Directions for this task: Return each line of the listing below, unchanged, and omit the images.

Material to process:
____

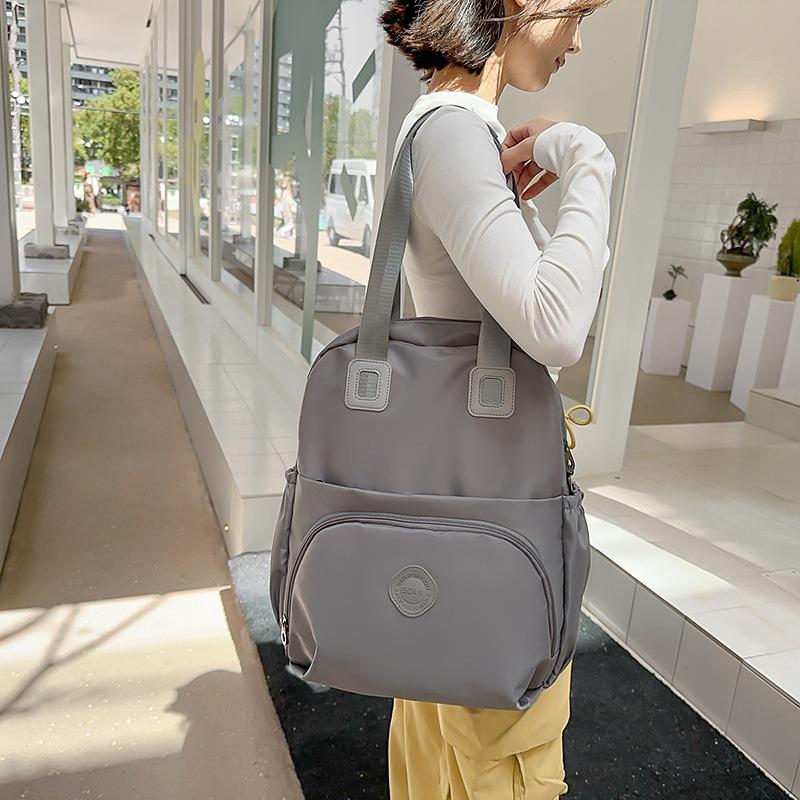 Large Capacity Backpack Women's New Leisure Travel Bag Lightweight Multi-functional High Value Shoulder Bag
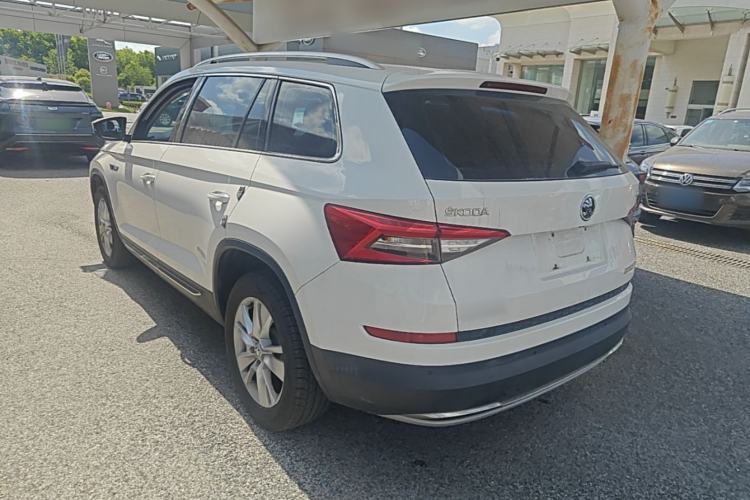 Used Skoda Kodiaq 2017 TSI330 7-Seater Two-Wheel-Drive Luxury Edition Rear Left 45 Deg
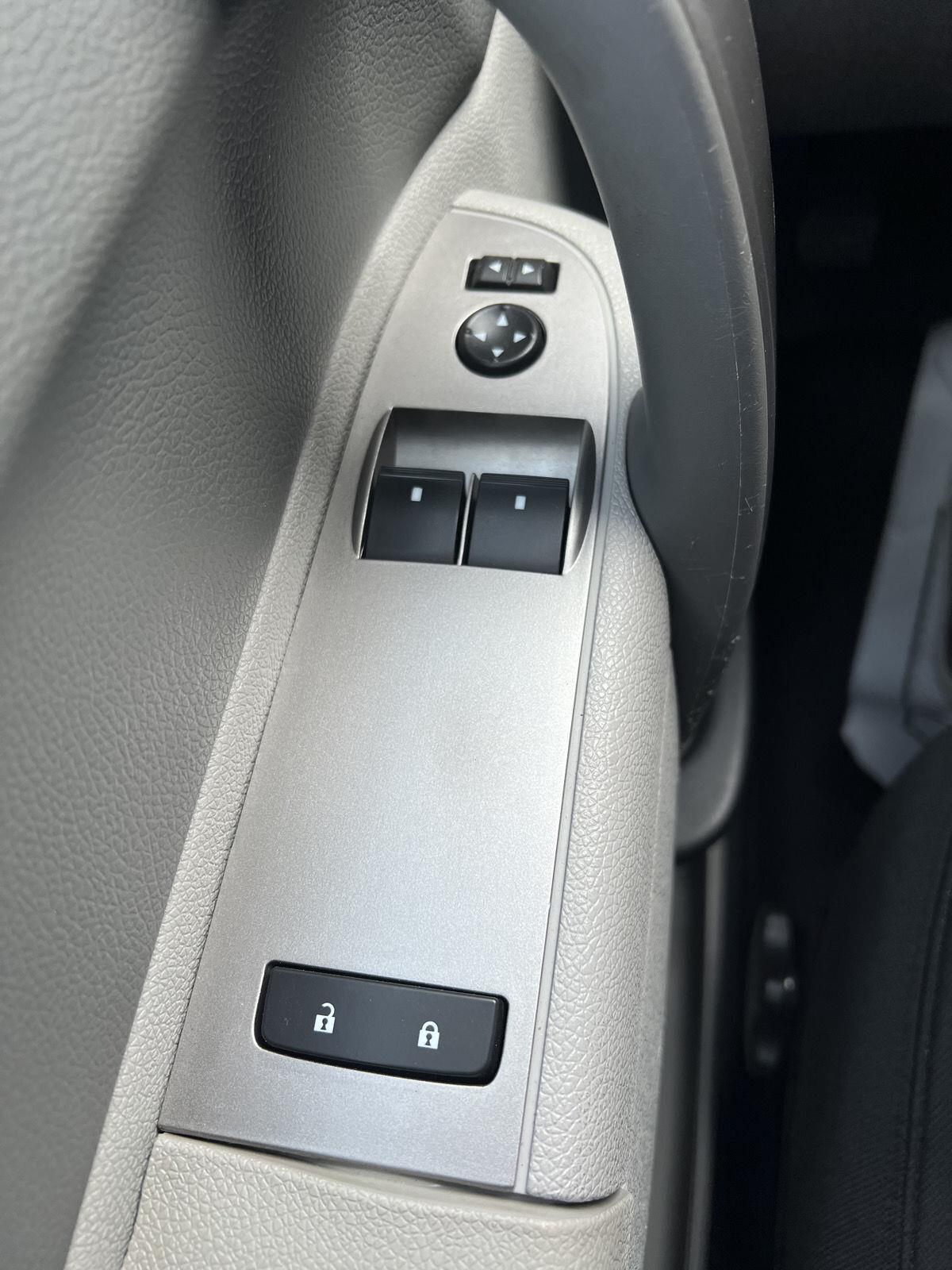 2013 Chevrolet Silverado Work Truck Base photo 11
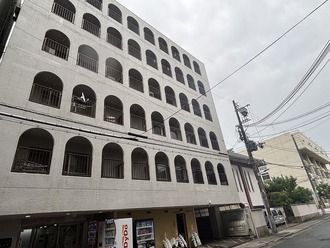 シルバーハイツ東寺町の外観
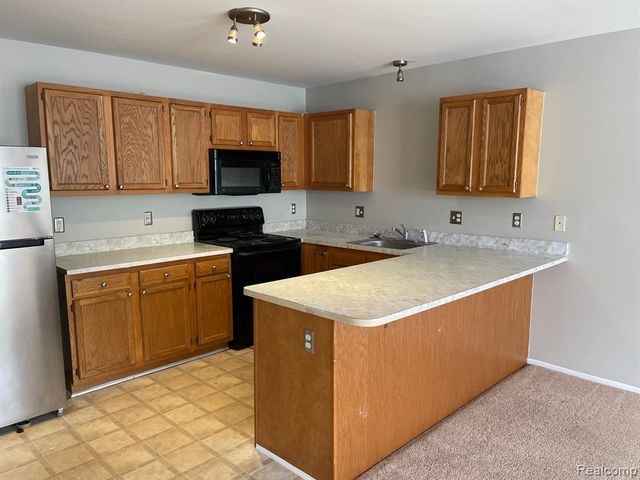 269 Stonegate, Pontiac, MI 48341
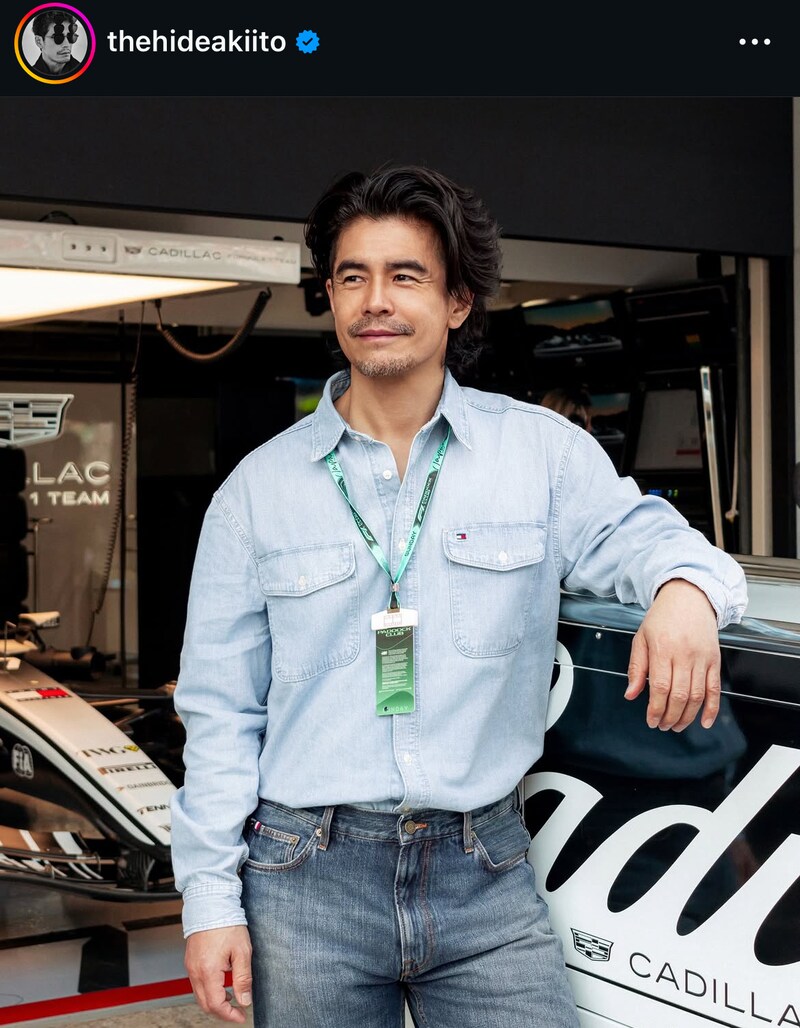 「ビジュ渋」“50歳のイケオジ俳優”がF1日本GPに降臨 パドック上での圧巻ショットに大反響「見るたびドキッと」「うっとりする程かっこいい」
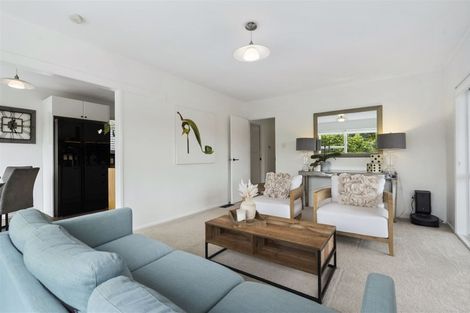 Photo of property in 19 Agincourt Street, Glenfield, Auckland, 0629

____

Exercise solution:
 Large Capacity Backpack Women's New Leisure Travel Bag Lightweight Multi-functional High Value Shoulder Bag
 Used Skoda Kodiaq 2017 TSI330 7-Seater Two-Wheel-Drive Luxury Edition Rear Left 45 Deg
 2013 Chevrolet Silverado Work Truck Base photo 11
 シルバーハイツ東寺町の外観
 269 Stonegate, Pontiac, MI 48341
 「ビジュ渋」“50歳のイケオジ俳優”がF1日本GPに降臨 パドック上での圧巻ショットに大反響「見るたびドキッと」「うっとりする程かっこいい」
 Photo of property in 19 Agincourt Street, Glenfield, Auckland, 0629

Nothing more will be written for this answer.